After I had my flat a few weeks ago, I found out how useless the spare jack is. Has anyone replaced it with a different one? If so what kind and not a bumper jack. LOL.


----------



## TDCruze (Sep 26, 2014)

What is wrong with it? Does not go high enough?


----------



## snowwy66 (Nov 5, 2017)

They're a PITA but they work just fine.


----------



## Patman (May 7, 2011)

Well I didn't have a lug wrench. and it was raining


----------



## TDCruze (Sep 26, 2014)

Patman said:


> Well I didn't have a lug wrench. and it was raining


Any jack will be useless without a lug wrench. lol


----------



## snowwy66 (Nov 5, 2017)

I believe Harbor Freight sells a 4 way lug wrench. Get the 20 inch for more leverage and torque.


https://www.harborfreight.com/catal...,EAFeatured+Weight,f,Sale+Rank,f&q=lug+wrench


----------



## jblackburn (Apr 14, 2012)

There *should* be a lug wrench included with the kit in the car. It's not really long enough to get much leverage, so I had to stomp on it to break them loose, but it was there.


----------



## Patman (May 7, 2011)

jblackburn said:


> There *should* be a lug wrench included with the kit in the car.
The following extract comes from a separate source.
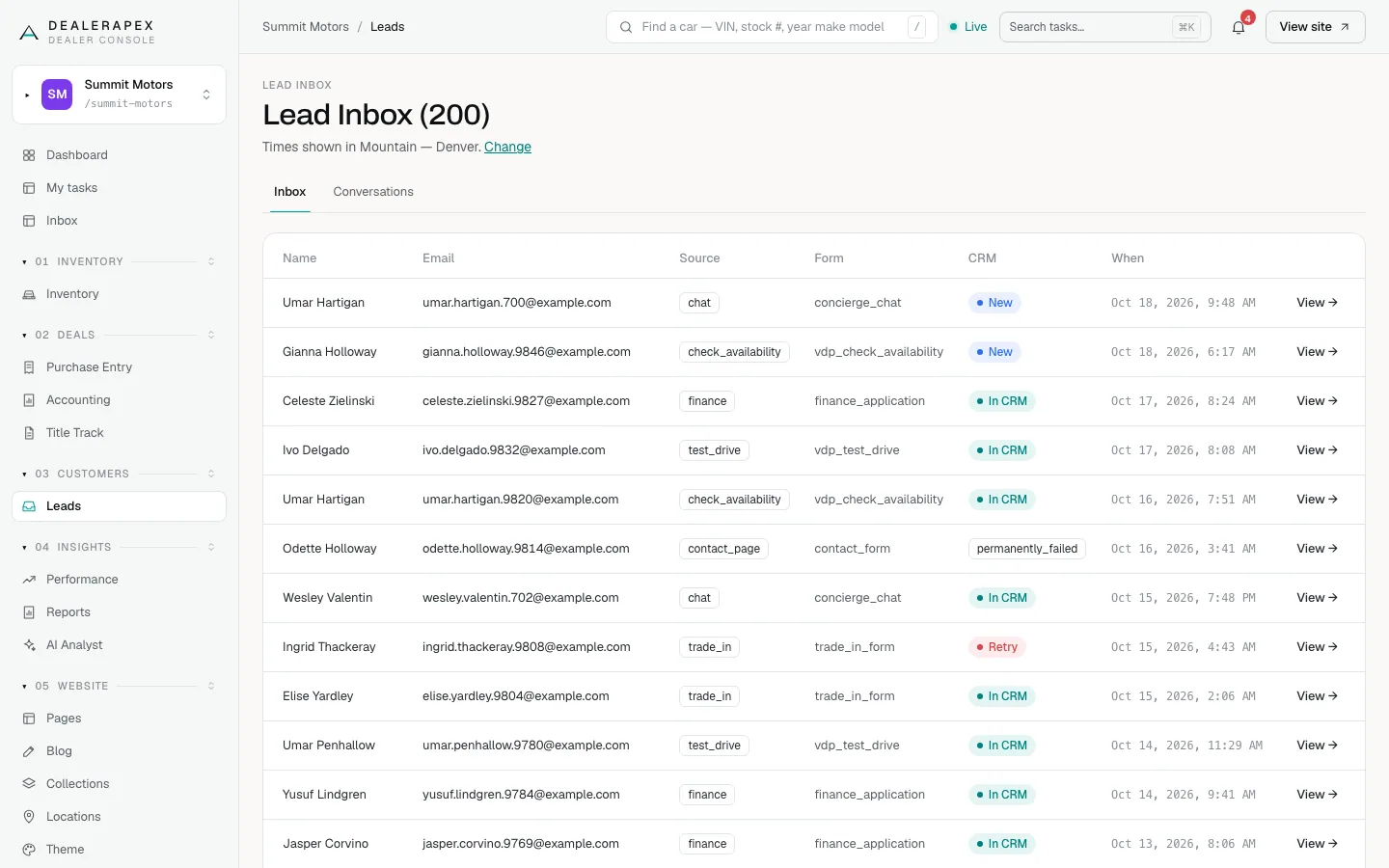 The Lead Inbox, listing leads with their name, email, source, form, CRM status and the time they arrived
It's not really long enough to get much leverage, so I had to stomp on it to break them loose, but it was there.



Now that it is not raining, I think I located it when I had time to look in the trunk it is in a a small pouch right?


----------



## jblackburn (Apr 14, 2012)

Patman said:


> Now that it is not raining, I think I located it when I had time to look in the trunk it is in a a small pouch right?


Yes


----------



## neonguy528 (Jul 5, 2018)

When I bought a new Dodge in 2002, I connected two small wood pieces to put under the jack, about 5" high. They worked out perfectly on many occasions. The higher you can get the jack to your frame, the faster and easier it will be to use. Also, always replace a factory lug wrench with a 4 way. You need the leverage. Harbor freight sells a foldable one.


----------



## plano-doug (Jul 1, 2015)

neonguy528 said:


> When I bought a new Dodge in 2002, I connected two small wood pieces to put under the jack, about 5" high. They worked out perfectly on many occasions. The higher you can get the jack to your frame, the faster and easier it will be to use. Also, always replace a factory lug wrench with a 4 way. You need the leverage. Harbor freight sells a foldable one.
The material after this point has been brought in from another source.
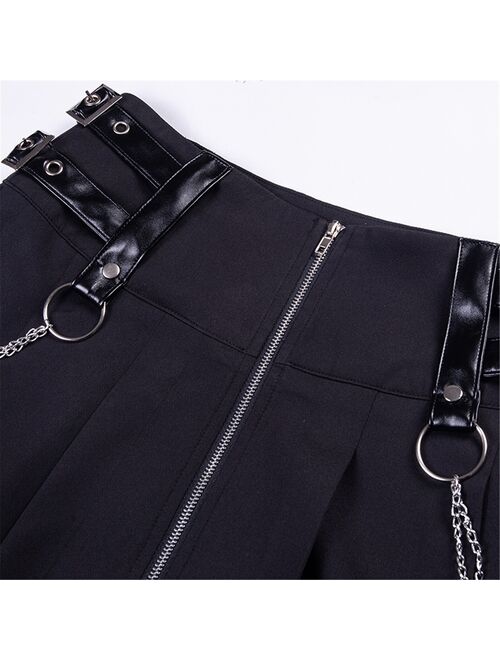 New 2021 Elegant Women Skirt Casual 's Fashion Hollow Stitching Zipper With Hoop High-waisted Mini Skirt female skirt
No doubt, having a couple pieces of wood to rest the jack on can help when you're jacking on an uneven or soft surface. A couple of 8"x8" pieces of ¾" plywood sound about right.
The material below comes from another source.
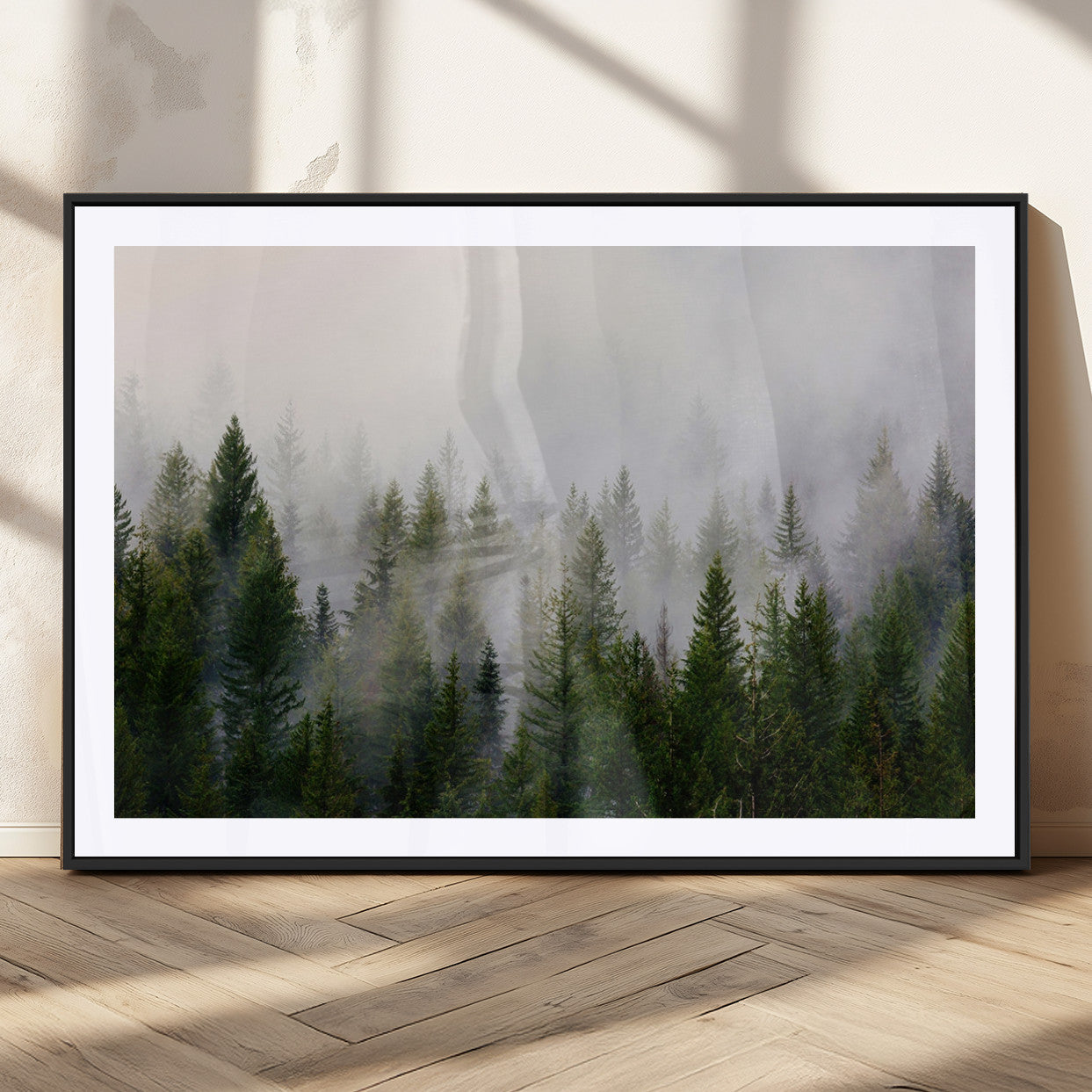 MGC-FP-36x24 - Forest Wall Art Canvas Print | Foggy Forest Wall Art | Pine Wood Forest Print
As for saving time jacking, keep in mind, at least on the gen1 Cruzes, you have to crank the jack to about half way up to stow it in the jack carrier. Then you have to crank it nearly all the way down to get it under the car before you can then jack it back up.

I agree, if the setup was made to stow the jack completely collapsed, that would make tire changing go faster. But that would mean stowing it somewhere other than inside the spare wheel.

Doug

.


----------